Star Formation in Galaxy Collisions: Dependence on Impact Velocity and Gas Mass of Galaxies in GADGET-4 Simulations

TL;DR

This study uses GADGET-4 hydrodynamic simulations to analyze how initial impact velocity, galaxy distance, and gas mass influence star formation rates during galaxy collisions.

Contribution

It provides new insights into the dependence of star formation on impact velocity, initial separation, and gas content in galaxy collision simulations.

Findings

Higher impact velocities cause intense star formation peaks followed by declines.

Lower velocities lead to galaxy mergers with multiple star formation peaks.

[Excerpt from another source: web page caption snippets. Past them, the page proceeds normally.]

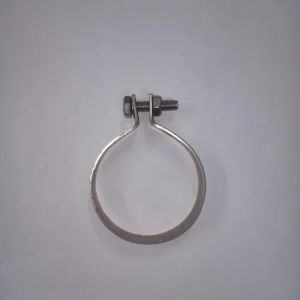 Saddle Clamp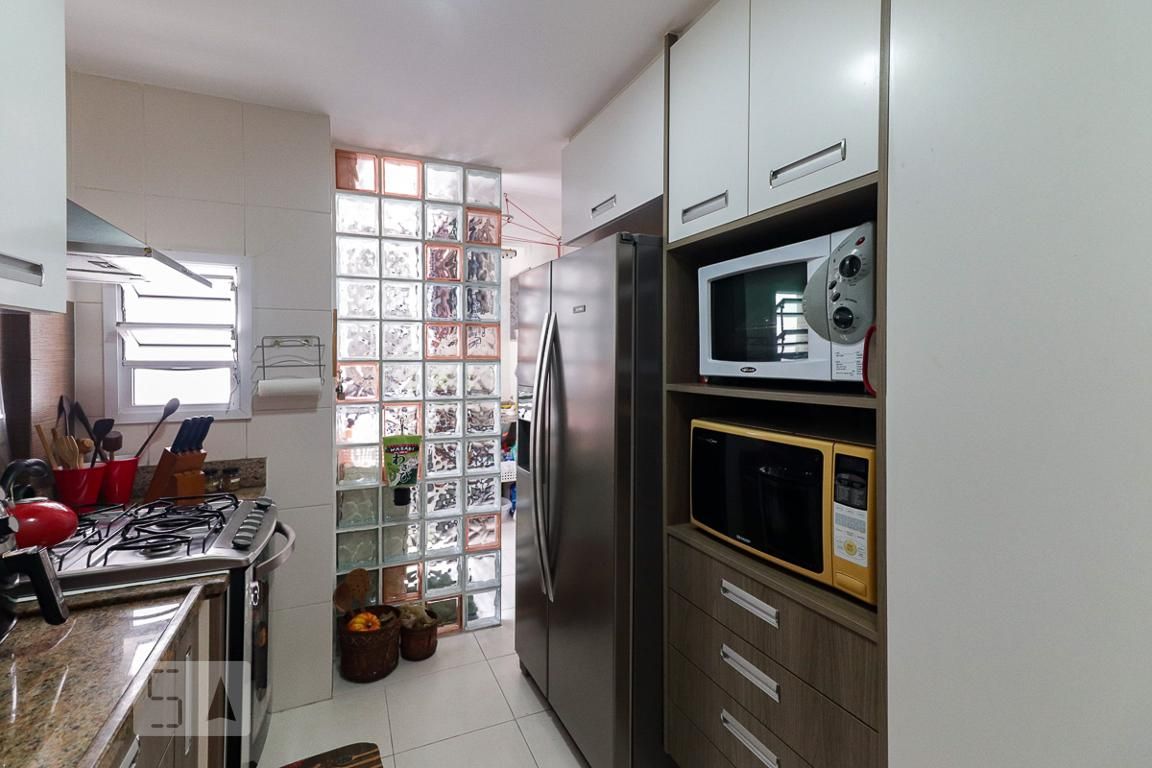 Apartamento, 3 quartos, 185 m² - Foto 47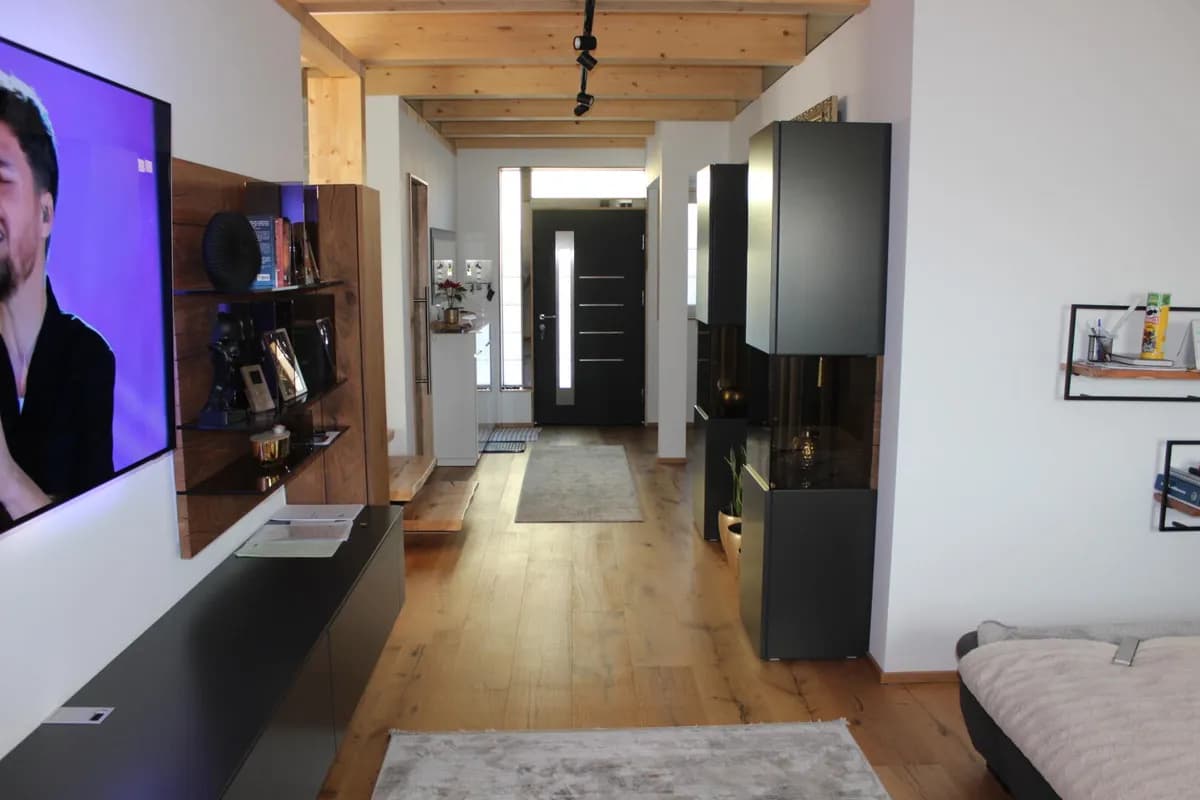 5-Zimmer-Haus kaufen in Murtal – 182 m², € 699.000 – Bild 11 von 42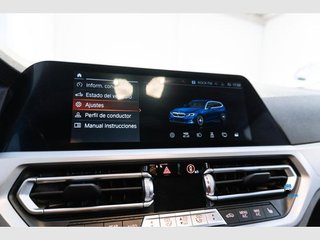BMW Serie 3 320d Auto.Touring (2021)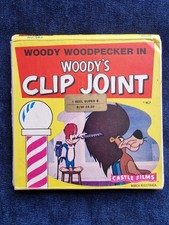 Vintage Woody Woodpecker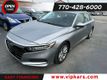 2019 Honda Accord Sedan LX 1.5T CVT - 22978771 - 0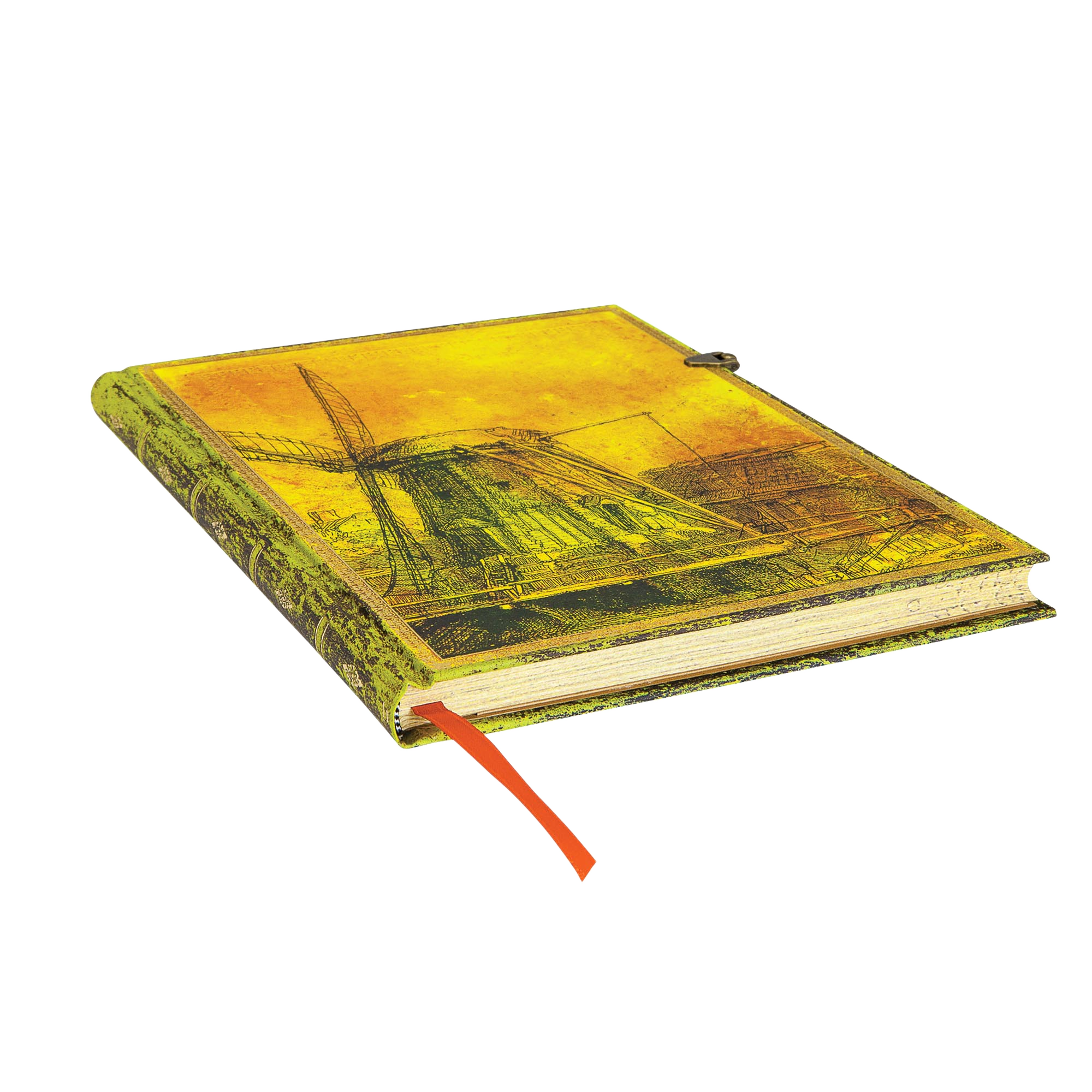 350ème Anniversaire de la Mort de Rembrandt - Carnets - Edge Image
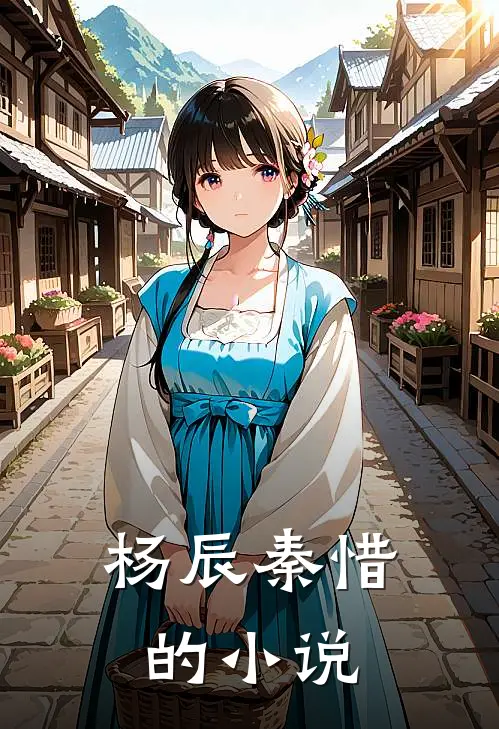 杨辰秦惜不败神婿全文免费阅读大结局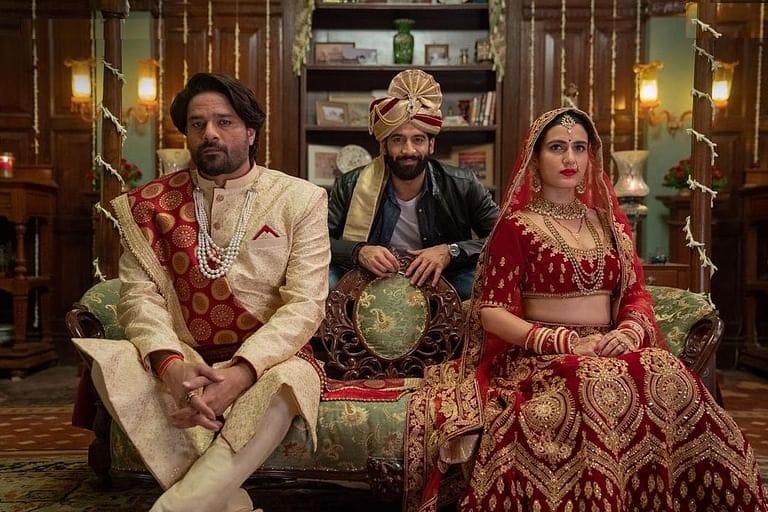 2021 Best 10 Experimental Roles: These 10 characters set new benchmark in acting on ott platforms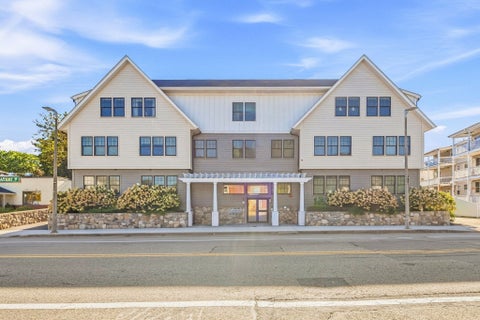 Photo of 69 Cummins Hwy #102, Boston, MA 02131 (MLS # 73583612)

Initial gas content directly affects star formation rates.

Abstract

This work investigates variations in the star formation rate during galaxy collisions when the initial conditions of velocity and gas mass are altered. For this purpose, hydrodynamic simulations were performed using the GADGET-4 code, with initial conditions generated by the Galstep and SnapshotJoiner programs. Systems of two galaxies on a head-on collision course were modeled with relative initial velocities ranging from 100 km/s to 1000 km/s, considering two scenarios: the first with identical galaxies, and the second with galaxies of different sizes. In simulations of systems with higher initial relative velocities, both found more intense peaks in the star formation rate, triggered by the first contact of the collision, followed by a strong decline caused by gas dispersion. In contrast, for systems with lower initial velocities, mergers between galaxies were observed, leading to multiple peaks in the star formation rate. A greater initial distance between galaxies has also been linked to whether or not the galaxy system merges, since it implies longer timescales for gravitational action, which leads to higher relative velocities at the moment of collision. Furthermore, the star formation rate in galaxies was found to have a clear dependence on initial gas content. Furthermore, the initial gas content in galaxies was found to have a clear dependence on star formation rates. Overall, our results show that the relative impact velocity, the initial distance between the galaxies, and the gas content are important parameters for analyzing the star formation rate in colliding galaxies.